Records from a data source
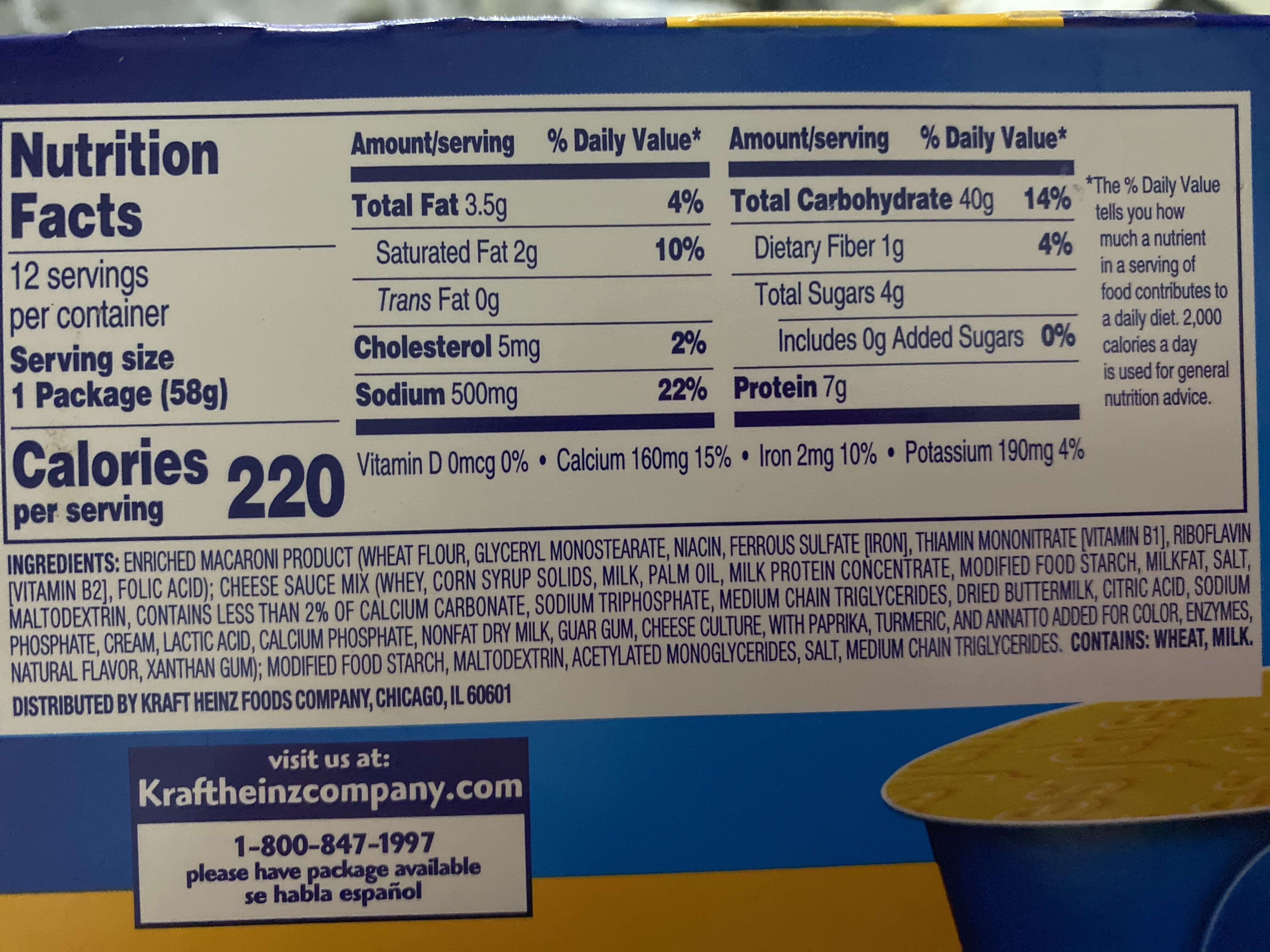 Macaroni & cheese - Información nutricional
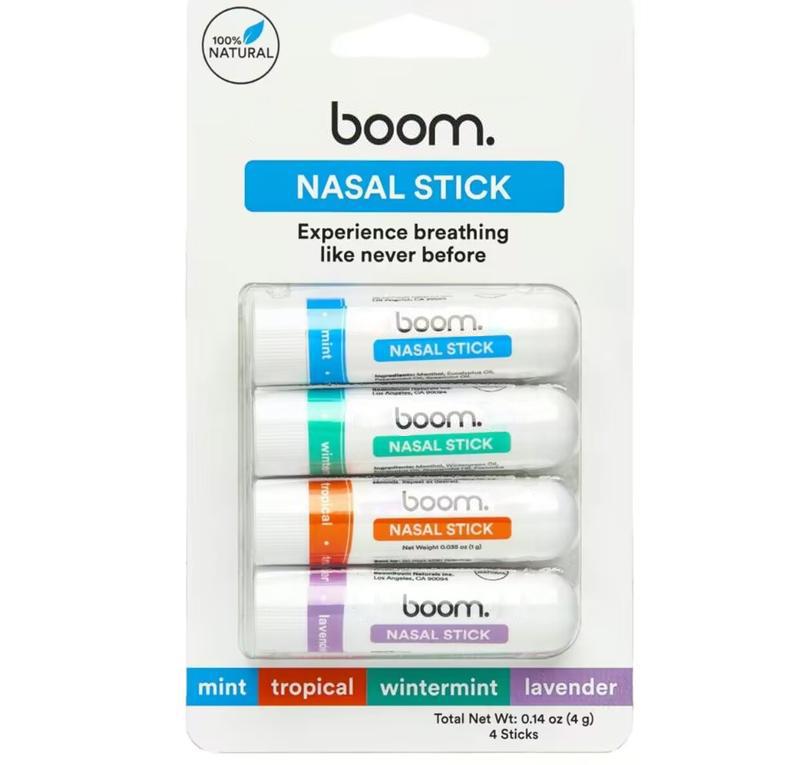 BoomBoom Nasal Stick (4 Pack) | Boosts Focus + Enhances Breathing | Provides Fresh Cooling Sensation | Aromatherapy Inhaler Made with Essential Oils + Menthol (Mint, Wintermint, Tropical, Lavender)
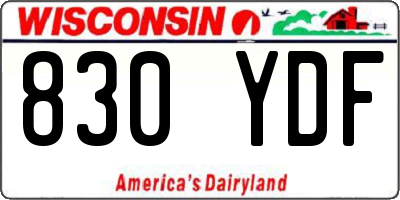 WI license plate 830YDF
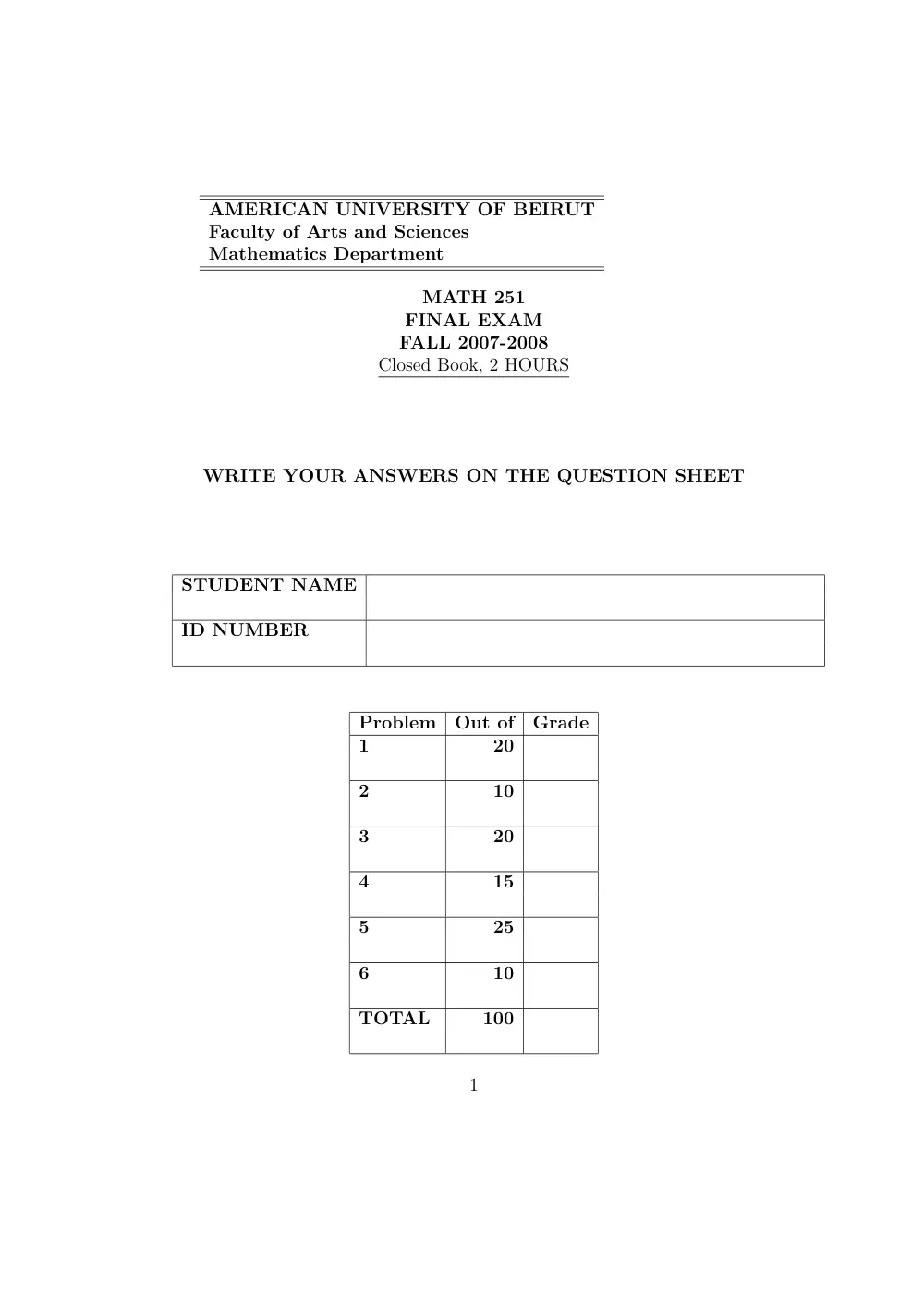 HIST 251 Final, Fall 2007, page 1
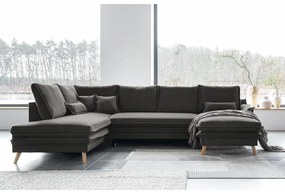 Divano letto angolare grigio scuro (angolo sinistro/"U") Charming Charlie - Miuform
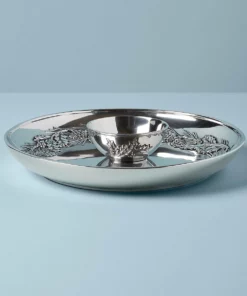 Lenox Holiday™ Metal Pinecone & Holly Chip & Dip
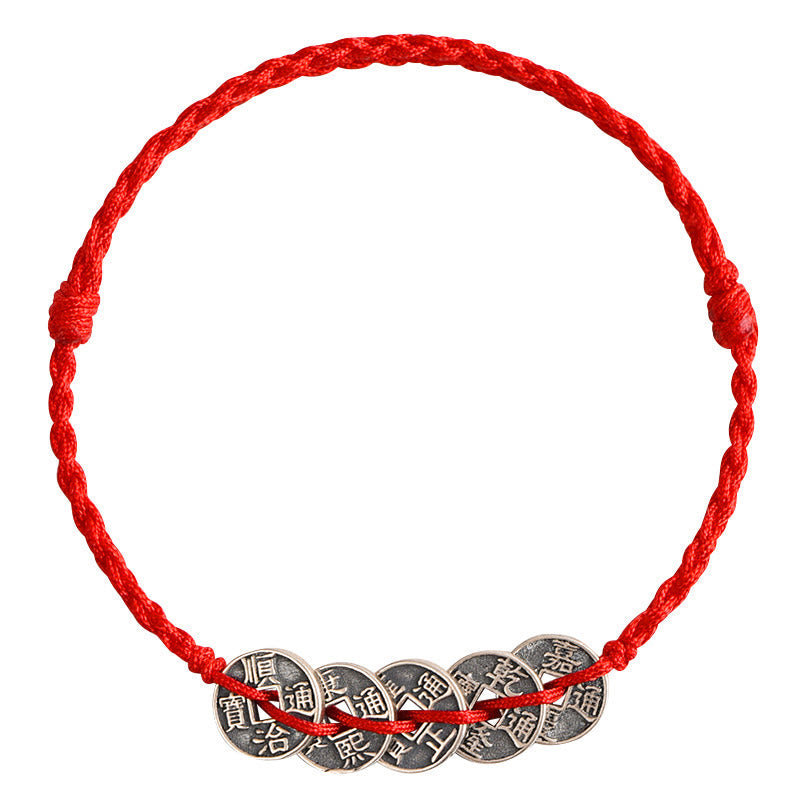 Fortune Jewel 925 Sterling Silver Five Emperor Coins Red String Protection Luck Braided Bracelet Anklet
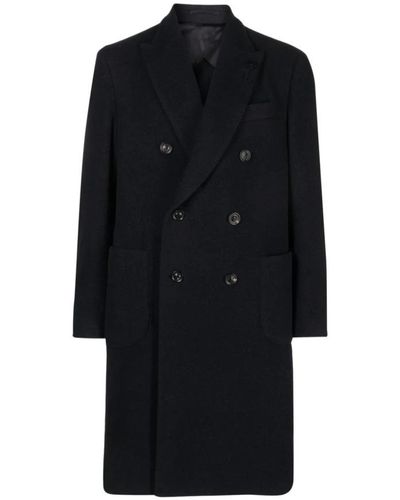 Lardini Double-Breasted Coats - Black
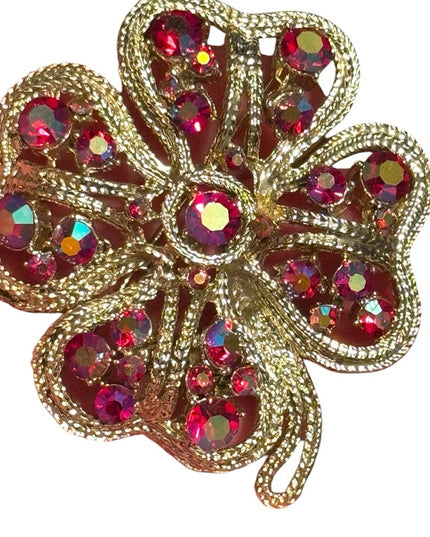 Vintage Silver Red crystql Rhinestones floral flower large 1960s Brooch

### Brief
Please reproduce, word for word, only the lines from the line that holds "Lenox Holiday™ Metal" through the final line of the entries above, omitting any pictures.

### Written answer
 Lenox Holiday™ Metal Pinecone & Holly Chip & Dip
 Fortune Jewel 925 Sterling Silver Five Emperor Coins Red String Protection Luck Braided Bracelet Anklet
 Lardini Double-Breasted Coats - Black
 Vintage Silver Red crystql Rhinestones floral flower large 1960s Brooch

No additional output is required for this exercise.